When discussing database choices, use PACELC instead of just CAP. Say: "Cassandra is PA/EL — it prioritizes availability during partitions and low latency during normal operation. That makes it ideal for our social feed where stale data is acceptable but downtime is not." This shows deeper understanding than just saying "Cassandra is AP."

05

Strong vs Eventual Consistency

This is the most practical trade-off you'll face in system design. Strong consistency means every read returns the latest write. Eventual consistency means reads might return stale data, but all replicas will converge over time.

📝

The Shared Document Analogy

Strong consistency is like Google Docs with real-time sync — every collaborator sees every keystroke instantly. If Alice types 'Hello', Bob sees 'Hello' immediately. This requires constant communication between all participants. Eventual consistency is like emailing a document back and forth. Alice edits her copy, Bob edits his copy. Eventually they merge changes. For a while, they have different versions. But they'll converge. Faster to work independently, but you might have conflicts.

🔒 Strong Consistency

  • Every read returns the most recent write
  • All nodes agree before acknowledging a write
  • Higher latency (coordination overhead)
  • Lower availability during partitions
  • Simpler application logic (no stale data handling)

⏳ Eventual Consistency

  • Reads might return stale data temporarily
  • Write acknowledged after one replica confirms
  • Lower latency (no coordination needed)
  • Higher availability (always responds)
  • Complex application logic (handle stale reads, conflicts)
Strong vs Eventual — What Users Experiencetext
Scenario: User updates their profile name from "Alice" to "Alicia"

Strong Consistency:
  1. Write "Alicia"wait for all replicas to confirm
  2. Any subsequent read from ANY server"Alicia"
  3. User refreshes pagesees "Alicia" immediately
  4. Latency: 50-200ms (coordination across replicas)

Eventual Consistency:
  1. Write "Alicia"acknowledged after 1 replica confirms
  2. Read from same server"Alicia"
  3. Read from different servermight still show "Alice"
  4. After 100ms-2s, all replicas converge"Alicia" everywhere
  5. Latency: 5-20ms (no coordination)

User experience impact:
User updates name, refreshes, sees old name briefly
"Did my update not save?"confusion
Fix: read-your-own-writes consistency (read from the replica you wrote to)

When Is Eventual Consistency Acceptable?

Data TypeConsistency NeededWhy
Bank balanceStrongShowing wrong balance → overdraft, fraud, legal issues
Inventory countStrongStale count → overselling, angry customers
Social media likesEventualShowing 1,023 instead of 1,024 likes → nobody notices
News feedEventualSeeing a post 2 seconds late → acceptable
Shopping cartSessionUser must see their own updates; other users don't matter
LeaderboardEventualScores updating with a few seconds delay → fine
Flight bookingStrongDouble-booking a seat → catastrophic

⚠️ Stale Reads — The Hidden UX Problem

The most common user complaint with eventual consistency: "I just updated my profile but it still shows the old name." Fix: use "read-your-own-writes" consistency — route the user's reads to the same replica they wrote to.

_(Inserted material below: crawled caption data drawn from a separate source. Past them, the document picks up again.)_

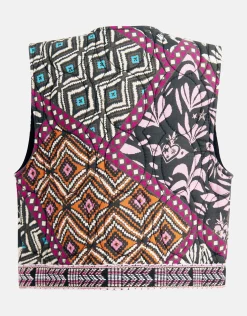 Shoeby Grafisch Gilet Zwart< Gilets
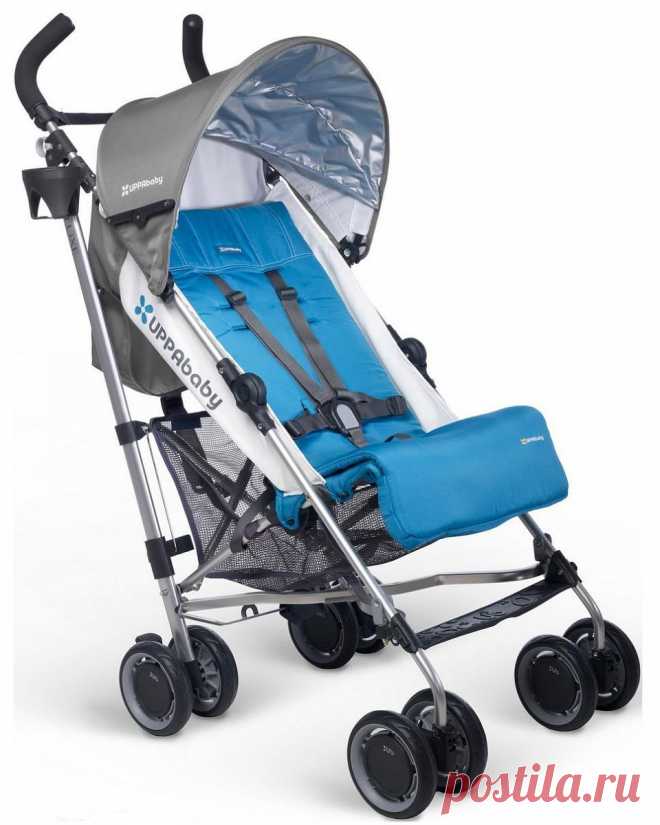 КОЛЯСКА-ТРОСТЬ G-LUXE ГОЛУБОЙ UPPABABY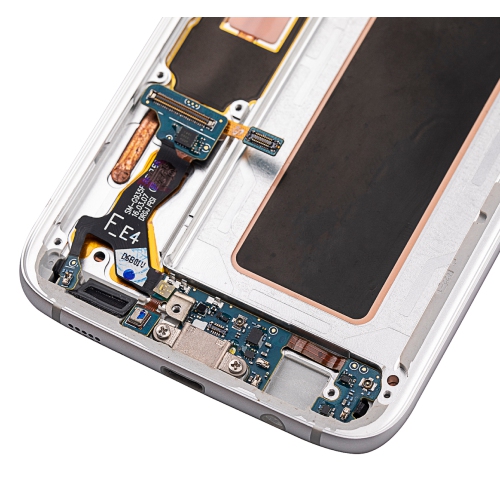 Replacement OLED Assembly With Frame Compatible For Samsung Galaxy S7 Edge (International / G935F) (Silver) by ESOURCE PARTS - Refurbished condition - Image 2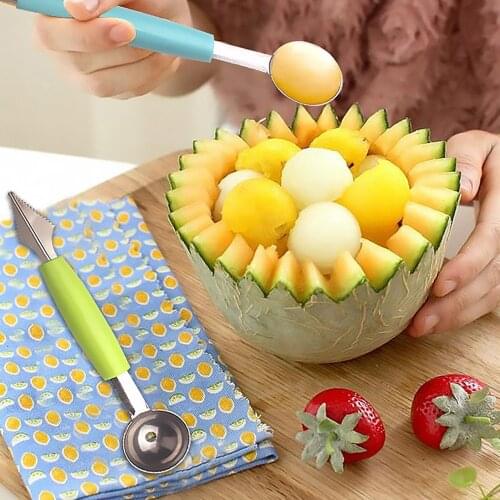 Creative Fruit Carving Knife be used in family, restaurant and bar, etc Ice Cream platter Spoon Fruit & Vegetable Tools HOT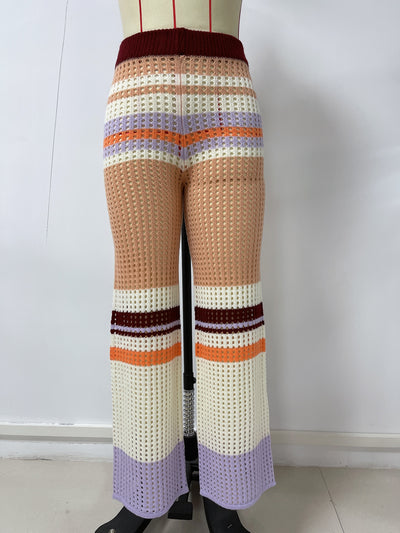 Yara Knitted Mid-Waist Pants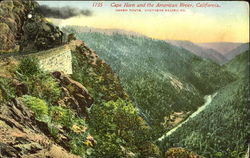 Cape Horn And The American River Scenic, CA Postcard Postcard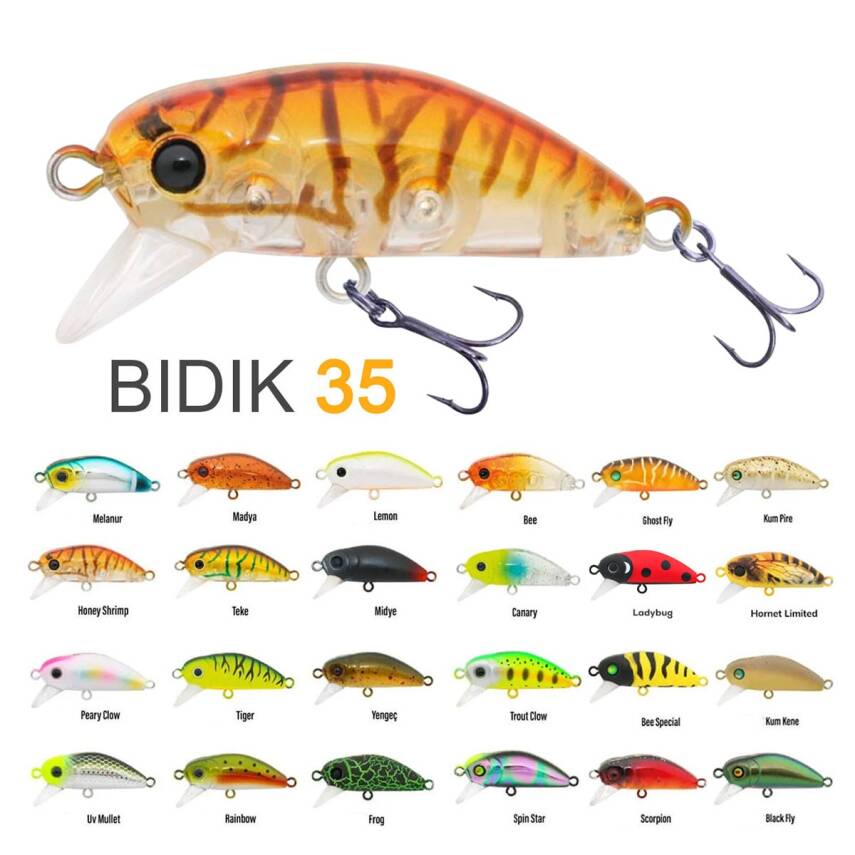 Hanfish Bıdık 3.5cm 3.1gr LRF Maket Yem - 1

Other users can see eventual consistency; the writing user sees strong consistency for their own data.

06

Linearizability

Linearizability is the strongest form of consistency. It guarantees that all operations appear to execute in a single, global order — as if there's only one copy of the data, even though it's replicated across multiple nodes.

🎫

The Billing Counter Queue

Imagine a single billing counter at a store. Customers are served in the exact order they arrive. If Alice arrives before Bob, Alice is served first — always. There's no ambiguity about the order. Linearizability is this queue applied to a distributed system. Even though there are multiple replicas (multiple counters), operations appear as if they went through a single counter in a strict order. If operation A completes before operation B starts, then every observer sees A's effect before B's.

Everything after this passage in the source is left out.